Critical-care and long-term care insurance can go a long way toward reducing the financial impact of health care and are best purchased when clients are closer to their 50s than their 80s. Insurance is less expensive for young and healthy people, who are more likely to be insurable.

“Health issues can take a big dent out of retirement savings,” says Daryl Diamond, president of Winnipeg-based Diamond Retirement Planning Ltd. “The boomer generation isn’t going to be comfortable with a bare-bones long-term care facility in old age. They’re going to want high-definition TVs and a lot of frills, and that takes dough.”

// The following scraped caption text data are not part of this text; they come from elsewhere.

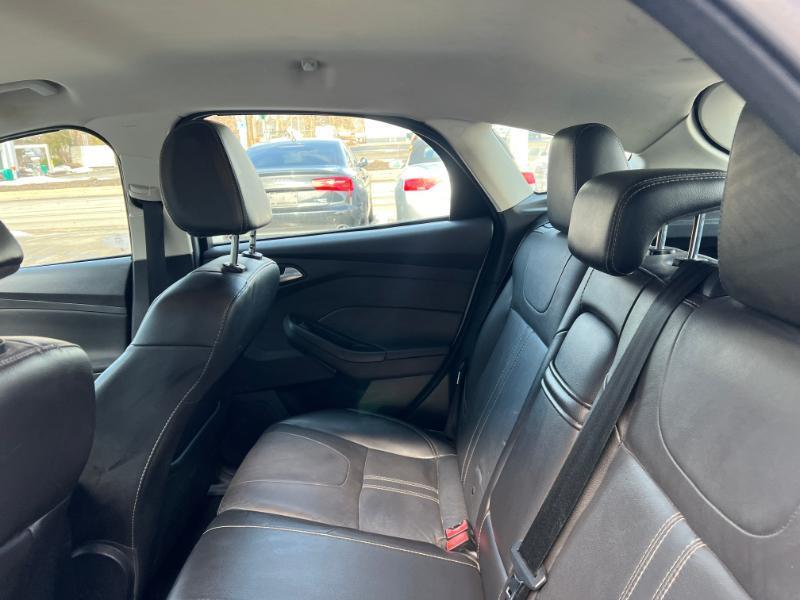 Ford Focus SE Hatch 2013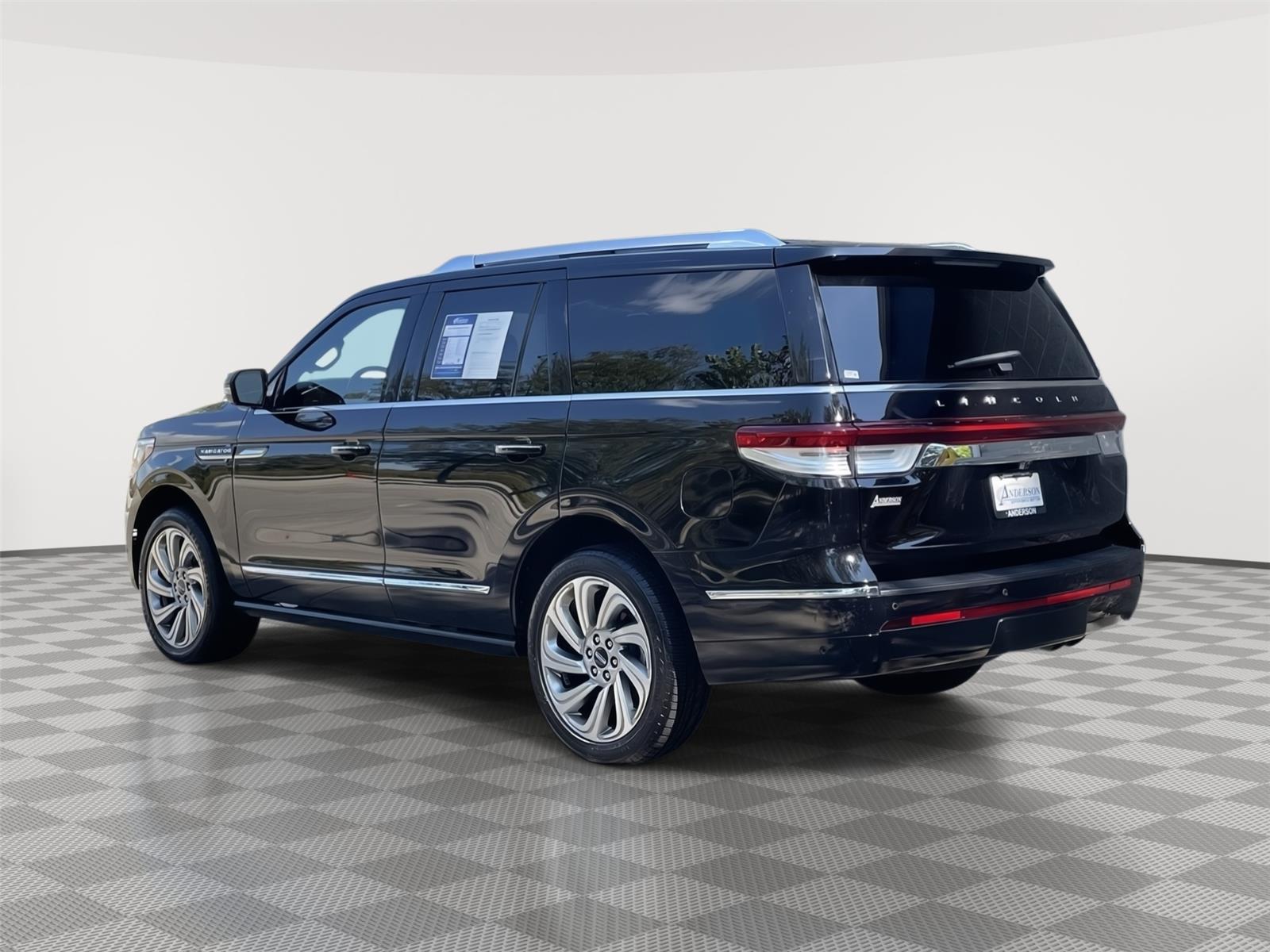 Used 2022 Lincoln Navigator for sale in Lincoln NE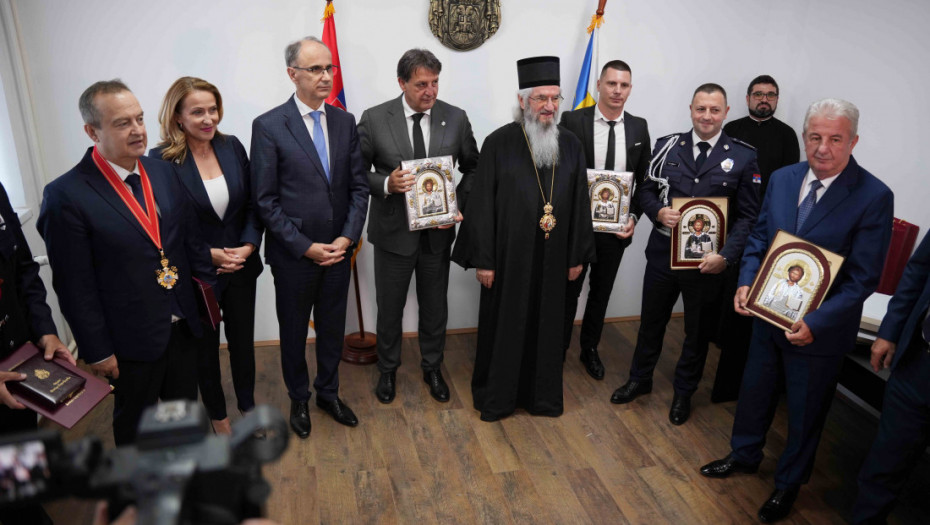 Dačić odlikovan povodom Dana Sektora vanrednih situacija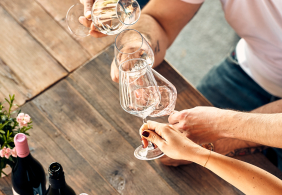 Mit Gläsern Anstoßen, Weißwein, Flaschen links unten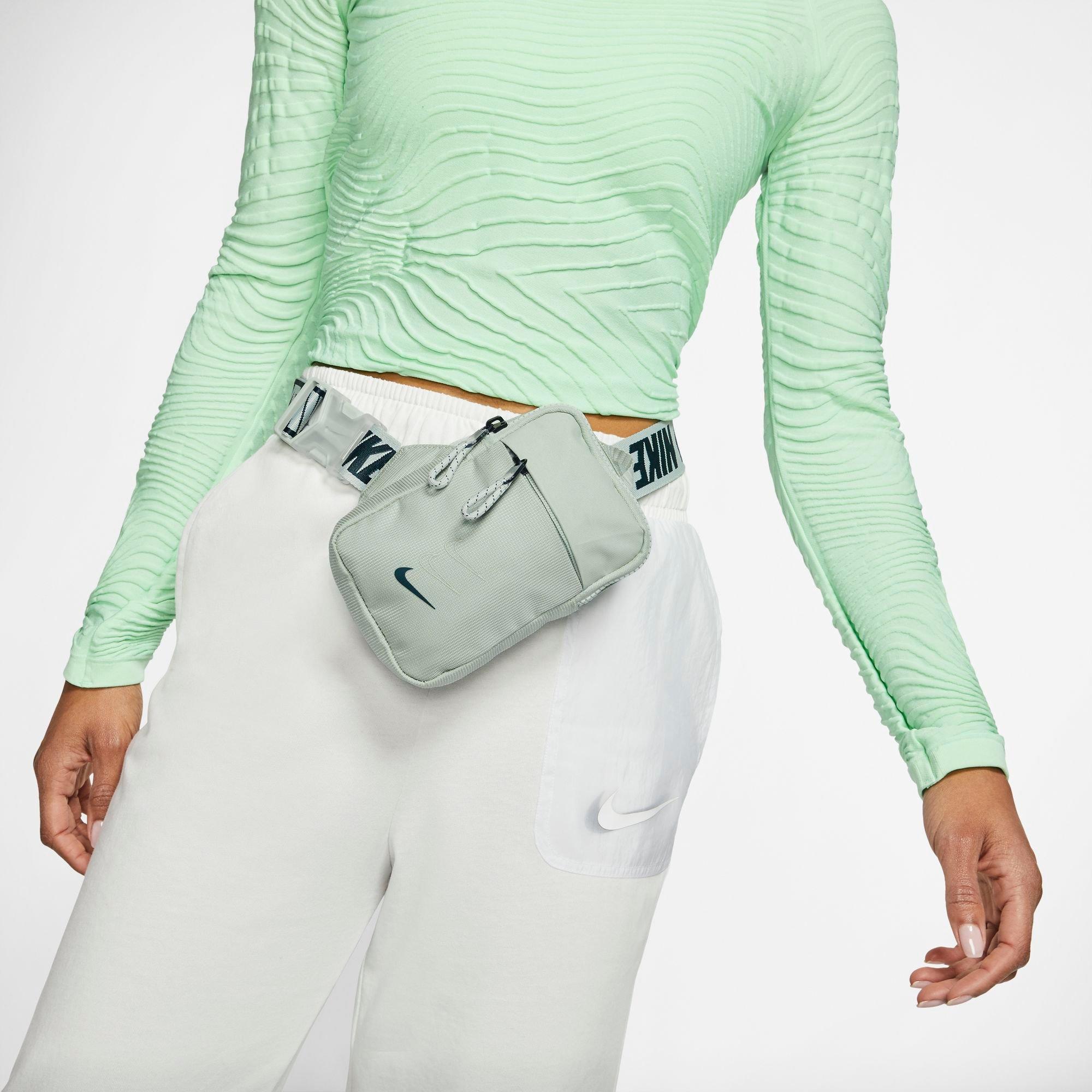 nike sportswear essential small hip pack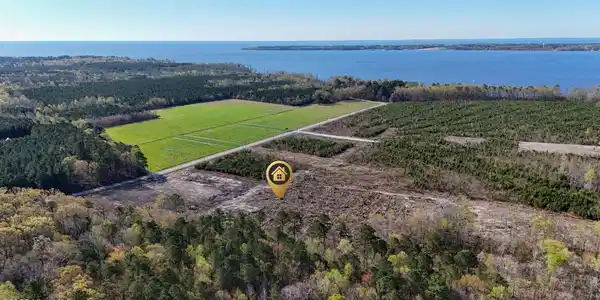 1 Boat Ramp Road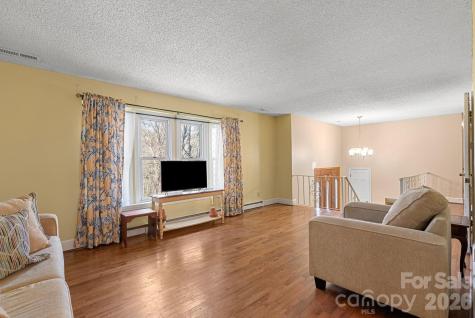 33 Fairfield Drive Candler NC 28715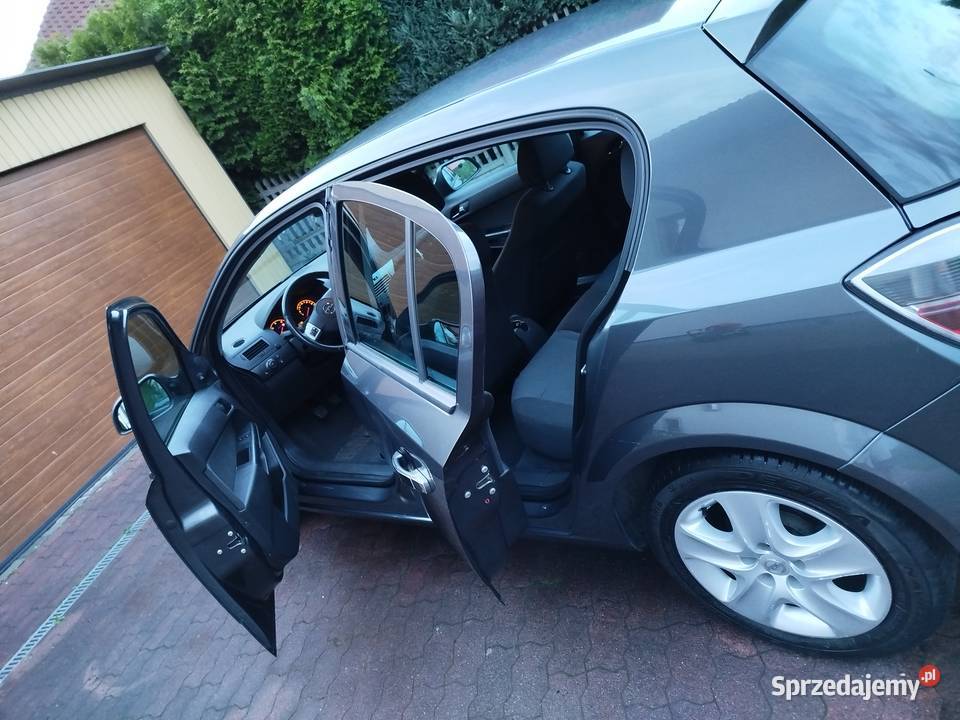 Opel Astra H 2011 17 CDTI ECOTEC 110 nieuszkodzony śląskie Tychy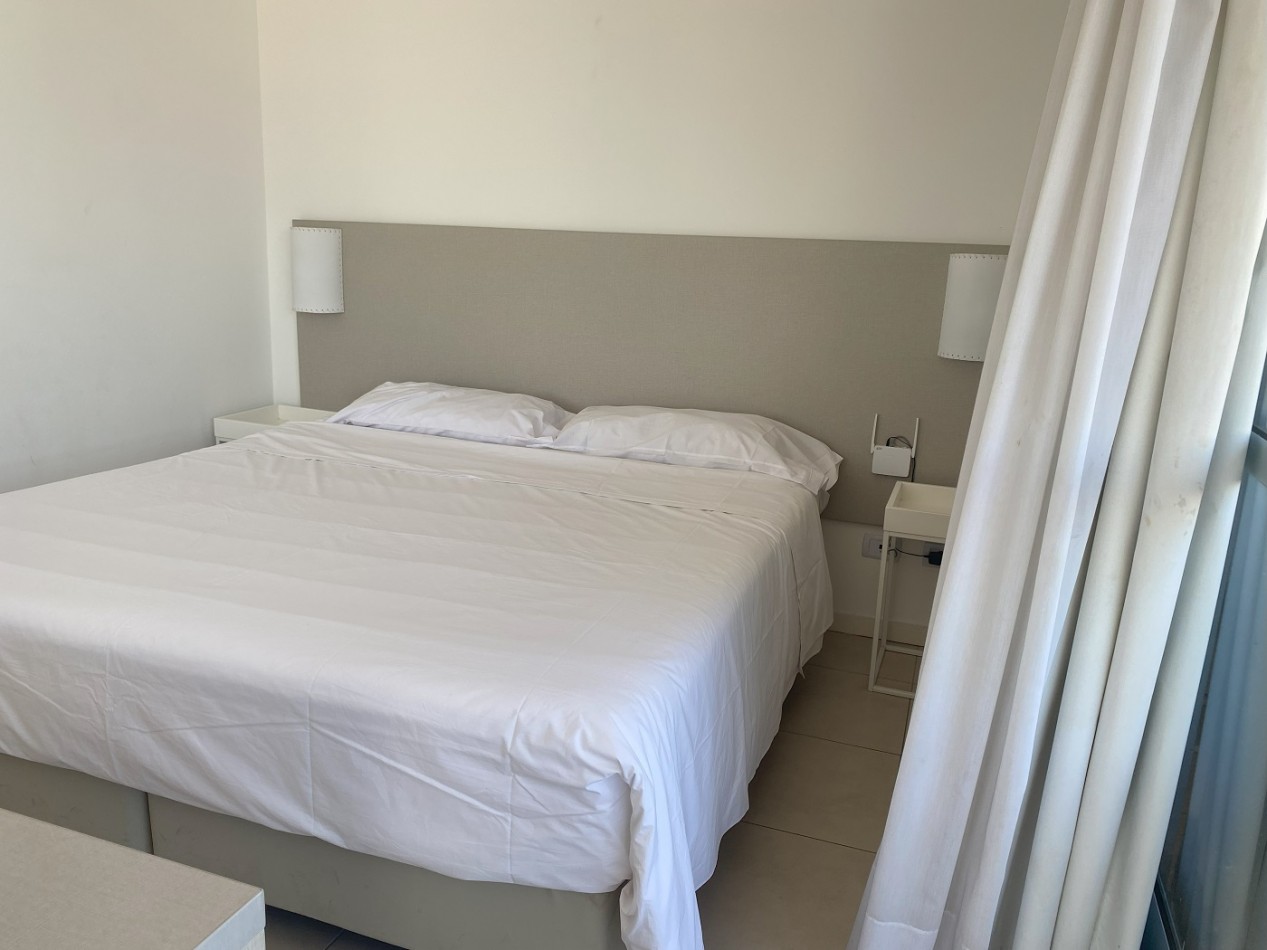 Departamento Amoblado en Congreso - Monoambiente Grande con doble Balcon. 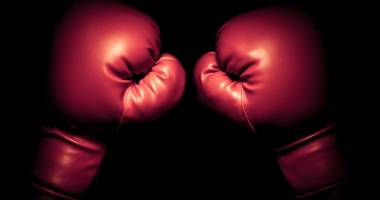 Stire din Sport : Box feminin: Două pugiliste românce, calificate în sferturi la CM 2014-11-21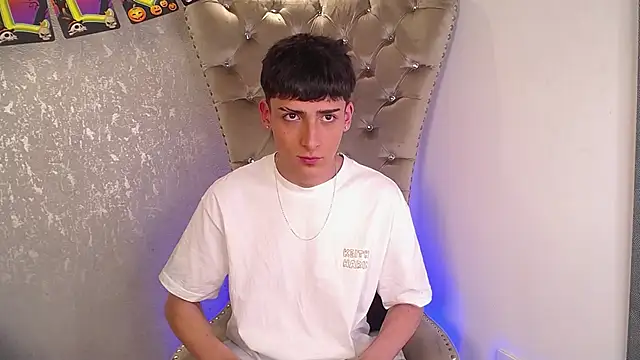 Snapshot of MateoMitchell chatting on 10-17-25, 04:04 MateoMitchell online show from 10-17-25, 04:04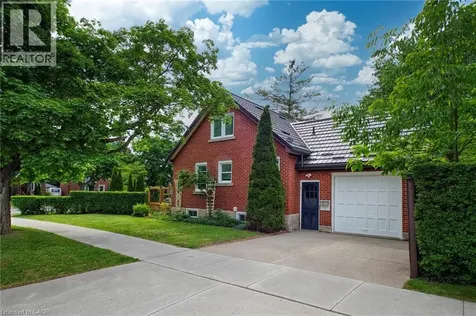 5 Brentwood Avenue Kitchener ON N2H 2C4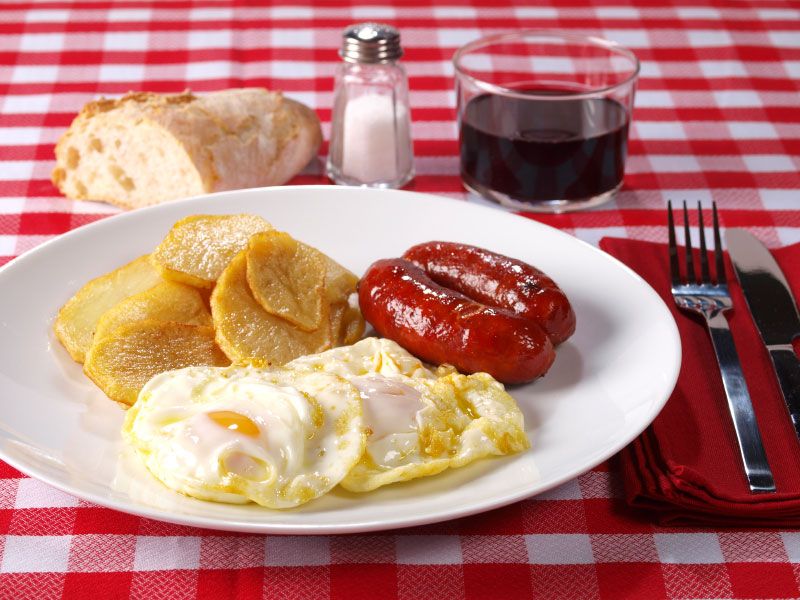 La combinación de huevos fritos con chorizo y patatas no engorda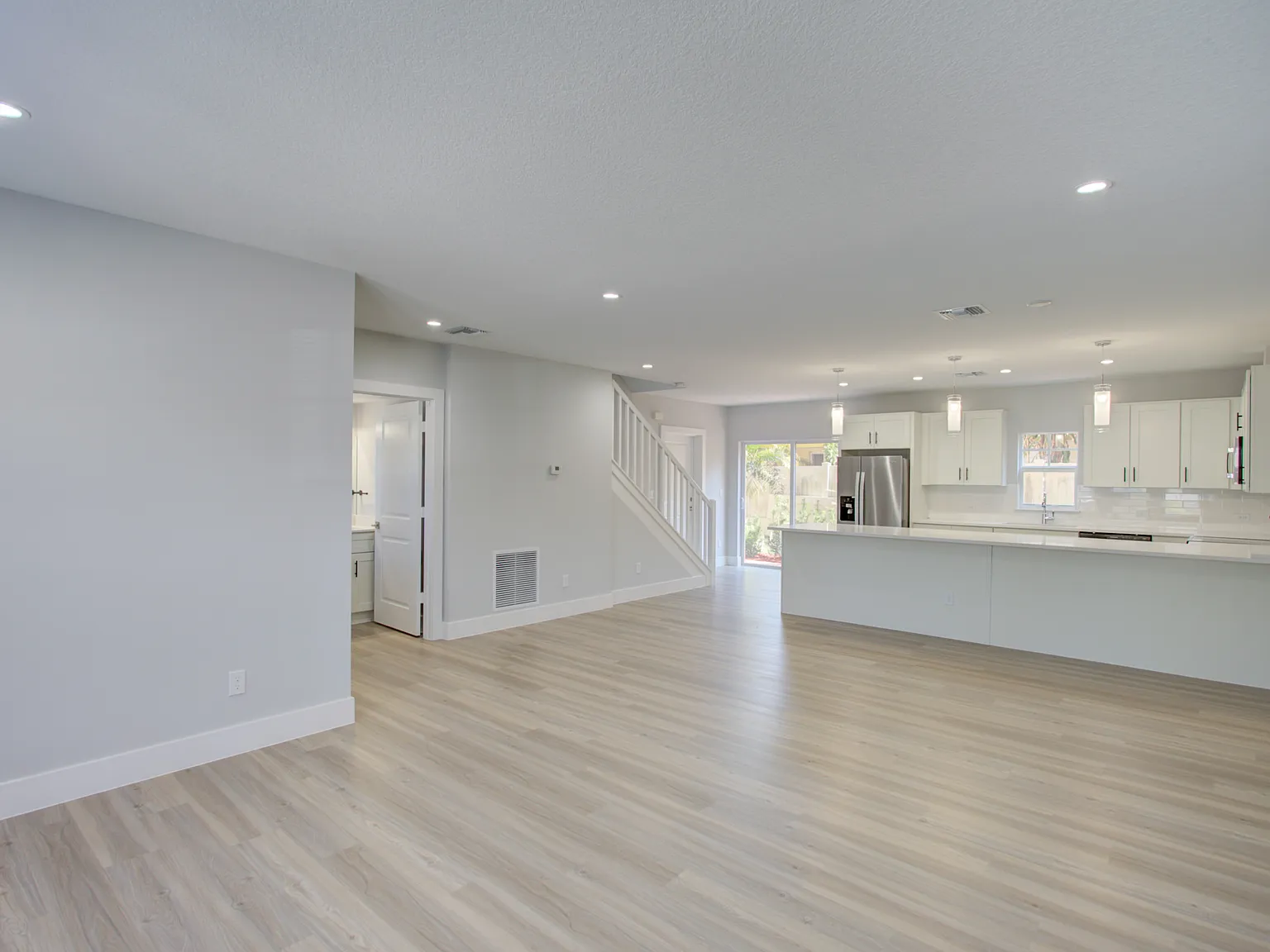 3 bed, 2.5 bath, 2053 sqft, $3,100 — Photo 4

Income annuities may also have a place in your clients’ portfolios, especially if there is no defined-benefit pension plan. Moshe Milevsky, associate professor of finance at York University in Toronto, says it’s important to have some form of “longevity insurance,” as financial risk cannot be alleviated by balanced asset allocation on its own. An annuity is an insurance product purchased with a lump sum, and it can be designed to provide a guaranteed income for life. Different options are available, including annuities with a limited term or the ability to transfer benefits to a surviving spouse or provide life insurance for beneficiaries. Annuities provide a higher after-tax income than typical fixed-income investments because some of the income is considered to be return of capital.

Diane McCurdy, president of Vancouver-based McCurdy Financial Inc., says the steady income provided by annuities reduces anxiety for clients when the rest of their portfolios are invested in asset classes that may fluctuate in value. The ongoing income and inability to cash out may also protect the elderly from unscrupulous con artists trying to steal their assets. If clients’ declining mental faculties make it more difficult to handle financial matters, annuities can be a convenient solution.

“Managing emotions is a big part of dealing with clients in retirement,” McCurdy says. “It can be a big leap for people when they are no longer making money and can’t replace portfolio losses. If they’re too exposed to market fluctuations, they will panic and get out at the wrong time.”